Mme Florence Lasserre-David. Permettez-moi tout d’abord de saluer le formidable travail de vos équipes, qui assurent la conservation des connaissances relatives à l’interdépendance entre les êtres humains et l’environnement, ainsi que leur diffusion auprès du grand public.

L’urgence environnementale n’est plus à démontrer. Le groupe du Mouvement Démocrate et apparentés soutient pleinement la décision du Gouvernement d’en faire une priorité du quinquennat.
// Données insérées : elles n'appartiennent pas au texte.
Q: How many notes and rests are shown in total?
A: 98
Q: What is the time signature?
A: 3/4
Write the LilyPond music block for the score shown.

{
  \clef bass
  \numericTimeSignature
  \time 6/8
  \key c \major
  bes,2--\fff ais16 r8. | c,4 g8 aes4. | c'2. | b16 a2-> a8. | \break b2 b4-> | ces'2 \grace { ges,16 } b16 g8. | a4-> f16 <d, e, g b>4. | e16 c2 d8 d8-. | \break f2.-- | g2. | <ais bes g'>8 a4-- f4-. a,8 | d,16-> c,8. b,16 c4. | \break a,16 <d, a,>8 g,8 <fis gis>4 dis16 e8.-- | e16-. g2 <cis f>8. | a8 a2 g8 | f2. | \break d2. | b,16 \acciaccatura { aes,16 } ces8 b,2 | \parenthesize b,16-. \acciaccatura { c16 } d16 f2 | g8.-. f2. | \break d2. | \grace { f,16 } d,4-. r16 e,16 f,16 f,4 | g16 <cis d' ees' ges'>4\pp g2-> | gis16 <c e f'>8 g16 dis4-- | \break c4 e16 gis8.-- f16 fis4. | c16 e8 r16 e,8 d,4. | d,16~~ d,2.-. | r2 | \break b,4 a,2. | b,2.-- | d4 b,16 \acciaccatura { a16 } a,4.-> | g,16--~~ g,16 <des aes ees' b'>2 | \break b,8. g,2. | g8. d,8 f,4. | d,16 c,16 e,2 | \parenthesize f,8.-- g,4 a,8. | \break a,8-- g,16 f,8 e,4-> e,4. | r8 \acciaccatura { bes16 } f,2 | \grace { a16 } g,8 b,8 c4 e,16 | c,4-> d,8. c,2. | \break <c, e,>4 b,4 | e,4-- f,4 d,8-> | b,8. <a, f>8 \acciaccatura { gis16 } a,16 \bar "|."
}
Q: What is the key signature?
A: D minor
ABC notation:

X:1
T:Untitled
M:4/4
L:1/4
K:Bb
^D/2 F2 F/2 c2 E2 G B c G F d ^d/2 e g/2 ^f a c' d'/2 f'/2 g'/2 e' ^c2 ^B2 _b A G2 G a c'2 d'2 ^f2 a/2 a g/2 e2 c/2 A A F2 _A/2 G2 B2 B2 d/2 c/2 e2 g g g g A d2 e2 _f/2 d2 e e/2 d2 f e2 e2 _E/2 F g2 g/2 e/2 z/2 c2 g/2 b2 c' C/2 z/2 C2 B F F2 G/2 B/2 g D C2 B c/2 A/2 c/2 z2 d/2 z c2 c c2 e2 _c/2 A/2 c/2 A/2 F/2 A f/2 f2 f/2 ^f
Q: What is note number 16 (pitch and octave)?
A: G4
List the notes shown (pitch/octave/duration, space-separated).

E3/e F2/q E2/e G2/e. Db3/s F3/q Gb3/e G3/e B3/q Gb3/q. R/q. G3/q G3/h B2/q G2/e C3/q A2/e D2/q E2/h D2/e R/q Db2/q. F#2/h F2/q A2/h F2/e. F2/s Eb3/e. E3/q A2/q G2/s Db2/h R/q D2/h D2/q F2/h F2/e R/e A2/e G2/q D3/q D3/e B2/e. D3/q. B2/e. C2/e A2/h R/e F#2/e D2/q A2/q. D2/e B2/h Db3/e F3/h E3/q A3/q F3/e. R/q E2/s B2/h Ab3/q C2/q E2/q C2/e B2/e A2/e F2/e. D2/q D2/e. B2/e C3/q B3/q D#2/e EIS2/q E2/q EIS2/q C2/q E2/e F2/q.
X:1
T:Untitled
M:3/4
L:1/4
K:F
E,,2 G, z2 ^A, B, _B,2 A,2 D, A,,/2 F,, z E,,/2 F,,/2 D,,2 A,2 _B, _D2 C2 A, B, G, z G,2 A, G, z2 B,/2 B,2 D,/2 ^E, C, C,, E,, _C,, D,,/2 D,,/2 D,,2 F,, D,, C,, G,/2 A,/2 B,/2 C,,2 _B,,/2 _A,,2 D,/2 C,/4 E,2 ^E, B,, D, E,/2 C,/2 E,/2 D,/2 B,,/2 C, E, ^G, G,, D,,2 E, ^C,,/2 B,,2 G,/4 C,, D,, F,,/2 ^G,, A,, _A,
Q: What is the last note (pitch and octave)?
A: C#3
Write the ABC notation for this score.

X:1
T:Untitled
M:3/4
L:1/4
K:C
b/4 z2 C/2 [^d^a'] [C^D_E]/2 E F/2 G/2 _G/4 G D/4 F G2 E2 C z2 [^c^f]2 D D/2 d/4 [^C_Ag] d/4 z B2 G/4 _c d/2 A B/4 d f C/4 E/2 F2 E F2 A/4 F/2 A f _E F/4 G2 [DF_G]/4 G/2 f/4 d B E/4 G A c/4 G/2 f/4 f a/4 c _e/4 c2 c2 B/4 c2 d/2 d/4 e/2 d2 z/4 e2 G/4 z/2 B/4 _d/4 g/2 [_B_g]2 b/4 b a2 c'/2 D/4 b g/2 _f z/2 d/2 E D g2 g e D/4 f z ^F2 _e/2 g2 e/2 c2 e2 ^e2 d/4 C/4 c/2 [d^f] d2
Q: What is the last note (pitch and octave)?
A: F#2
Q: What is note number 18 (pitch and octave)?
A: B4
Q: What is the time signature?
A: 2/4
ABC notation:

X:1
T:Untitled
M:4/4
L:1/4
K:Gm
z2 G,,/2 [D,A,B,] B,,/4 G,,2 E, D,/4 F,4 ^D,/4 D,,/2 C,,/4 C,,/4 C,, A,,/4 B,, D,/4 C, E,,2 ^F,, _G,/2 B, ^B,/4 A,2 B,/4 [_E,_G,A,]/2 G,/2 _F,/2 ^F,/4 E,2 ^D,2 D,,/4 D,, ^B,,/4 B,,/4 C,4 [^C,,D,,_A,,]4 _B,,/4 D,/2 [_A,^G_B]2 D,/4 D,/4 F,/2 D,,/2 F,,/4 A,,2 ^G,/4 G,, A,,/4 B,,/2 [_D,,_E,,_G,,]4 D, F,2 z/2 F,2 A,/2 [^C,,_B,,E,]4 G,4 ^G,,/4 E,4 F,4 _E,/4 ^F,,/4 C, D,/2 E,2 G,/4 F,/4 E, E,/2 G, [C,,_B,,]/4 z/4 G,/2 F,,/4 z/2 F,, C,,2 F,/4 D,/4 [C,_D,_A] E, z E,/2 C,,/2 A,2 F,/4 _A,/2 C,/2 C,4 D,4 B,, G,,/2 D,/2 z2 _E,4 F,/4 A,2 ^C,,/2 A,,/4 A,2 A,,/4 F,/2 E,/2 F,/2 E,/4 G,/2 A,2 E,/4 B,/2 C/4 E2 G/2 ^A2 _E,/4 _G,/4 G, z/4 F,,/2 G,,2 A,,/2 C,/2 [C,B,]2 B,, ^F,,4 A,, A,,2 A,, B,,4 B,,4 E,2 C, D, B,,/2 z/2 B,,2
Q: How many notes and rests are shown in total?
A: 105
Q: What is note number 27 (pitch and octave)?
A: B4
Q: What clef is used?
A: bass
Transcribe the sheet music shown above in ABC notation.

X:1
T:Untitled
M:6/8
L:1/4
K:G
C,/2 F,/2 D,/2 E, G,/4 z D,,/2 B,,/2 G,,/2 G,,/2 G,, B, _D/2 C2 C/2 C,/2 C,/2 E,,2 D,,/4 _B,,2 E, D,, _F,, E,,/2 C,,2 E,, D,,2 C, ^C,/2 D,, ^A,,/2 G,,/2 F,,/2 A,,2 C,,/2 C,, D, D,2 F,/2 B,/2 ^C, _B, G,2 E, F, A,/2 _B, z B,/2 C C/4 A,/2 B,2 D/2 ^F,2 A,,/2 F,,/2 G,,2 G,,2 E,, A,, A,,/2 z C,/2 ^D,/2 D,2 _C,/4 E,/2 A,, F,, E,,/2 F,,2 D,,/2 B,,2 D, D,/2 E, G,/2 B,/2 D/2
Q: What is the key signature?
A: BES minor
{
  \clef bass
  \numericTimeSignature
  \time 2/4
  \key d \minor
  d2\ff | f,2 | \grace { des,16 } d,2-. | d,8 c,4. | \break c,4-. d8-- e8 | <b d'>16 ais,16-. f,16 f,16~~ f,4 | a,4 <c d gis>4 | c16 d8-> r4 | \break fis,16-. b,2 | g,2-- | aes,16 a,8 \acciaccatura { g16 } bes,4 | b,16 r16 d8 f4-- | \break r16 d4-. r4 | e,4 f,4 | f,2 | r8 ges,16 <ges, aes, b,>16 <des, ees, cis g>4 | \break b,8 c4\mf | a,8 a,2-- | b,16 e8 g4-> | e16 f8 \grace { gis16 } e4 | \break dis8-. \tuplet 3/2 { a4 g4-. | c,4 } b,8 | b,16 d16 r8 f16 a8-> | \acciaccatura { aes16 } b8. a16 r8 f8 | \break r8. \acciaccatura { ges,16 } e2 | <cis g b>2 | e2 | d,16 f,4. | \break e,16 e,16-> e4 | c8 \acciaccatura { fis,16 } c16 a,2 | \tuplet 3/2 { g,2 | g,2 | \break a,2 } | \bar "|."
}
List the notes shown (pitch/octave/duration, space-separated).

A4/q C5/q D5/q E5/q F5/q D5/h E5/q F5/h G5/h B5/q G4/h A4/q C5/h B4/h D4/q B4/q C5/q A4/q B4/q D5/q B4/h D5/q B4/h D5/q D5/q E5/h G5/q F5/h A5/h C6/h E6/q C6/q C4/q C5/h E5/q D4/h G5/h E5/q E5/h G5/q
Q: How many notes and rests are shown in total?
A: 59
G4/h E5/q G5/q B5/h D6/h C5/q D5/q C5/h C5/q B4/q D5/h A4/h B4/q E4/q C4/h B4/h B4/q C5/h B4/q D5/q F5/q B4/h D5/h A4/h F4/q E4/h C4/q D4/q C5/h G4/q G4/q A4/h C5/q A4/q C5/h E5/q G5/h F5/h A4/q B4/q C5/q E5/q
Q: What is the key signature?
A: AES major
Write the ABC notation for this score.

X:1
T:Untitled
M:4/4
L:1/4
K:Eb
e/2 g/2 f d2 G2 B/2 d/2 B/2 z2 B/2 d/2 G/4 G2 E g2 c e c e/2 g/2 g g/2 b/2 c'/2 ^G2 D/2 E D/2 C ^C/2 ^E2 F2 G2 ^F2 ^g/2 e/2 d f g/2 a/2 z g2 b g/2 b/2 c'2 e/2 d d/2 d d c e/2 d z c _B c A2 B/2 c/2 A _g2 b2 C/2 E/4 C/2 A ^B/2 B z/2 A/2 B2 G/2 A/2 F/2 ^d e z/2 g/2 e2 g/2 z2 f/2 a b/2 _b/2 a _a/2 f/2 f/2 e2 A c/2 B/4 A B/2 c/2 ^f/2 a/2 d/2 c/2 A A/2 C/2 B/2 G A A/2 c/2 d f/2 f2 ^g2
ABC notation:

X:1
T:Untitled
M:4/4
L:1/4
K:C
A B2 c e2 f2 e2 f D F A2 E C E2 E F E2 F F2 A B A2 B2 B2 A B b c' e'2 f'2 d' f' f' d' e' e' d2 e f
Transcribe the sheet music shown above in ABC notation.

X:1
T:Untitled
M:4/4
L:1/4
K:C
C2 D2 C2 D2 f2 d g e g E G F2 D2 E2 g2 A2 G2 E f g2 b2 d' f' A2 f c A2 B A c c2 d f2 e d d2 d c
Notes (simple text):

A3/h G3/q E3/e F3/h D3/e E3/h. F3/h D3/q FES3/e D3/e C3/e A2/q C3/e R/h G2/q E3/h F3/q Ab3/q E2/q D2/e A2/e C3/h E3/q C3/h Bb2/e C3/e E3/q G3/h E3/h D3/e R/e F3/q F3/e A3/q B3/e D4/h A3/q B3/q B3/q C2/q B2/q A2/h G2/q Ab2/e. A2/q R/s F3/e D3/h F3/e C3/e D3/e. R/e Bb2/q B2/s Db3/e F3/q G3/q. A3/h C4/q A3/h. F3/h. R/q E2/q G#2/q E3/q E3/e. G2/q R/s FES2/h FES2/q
La place privilégiée qu’occupe le Muséum national d’histoire naturelle dans le cœur des petits comme dans celui des plus grands en fait un acteur clé dans le travail de pédagogie et de sensibilisation de notre société aux problématiques écologiques.

Votre institution, en sa qualité de partenaire privilégié de l’AFB depuis sa création, mais aussi par son ambition de développer l’expertise environnementale avec l’AFB et l’ONCFS, était incontournable dans les réflexions sur la future structure. Vos fonctions au sein du Muséum et votre contribution personnelle à sa réorganisation en 2016, font de vous une personne neutre et qualifiée pour mener à bien votre tâche qui consiste à déterminer la forme du nouvel établissement public. Le travail qui vous attend s’annonce passionnant.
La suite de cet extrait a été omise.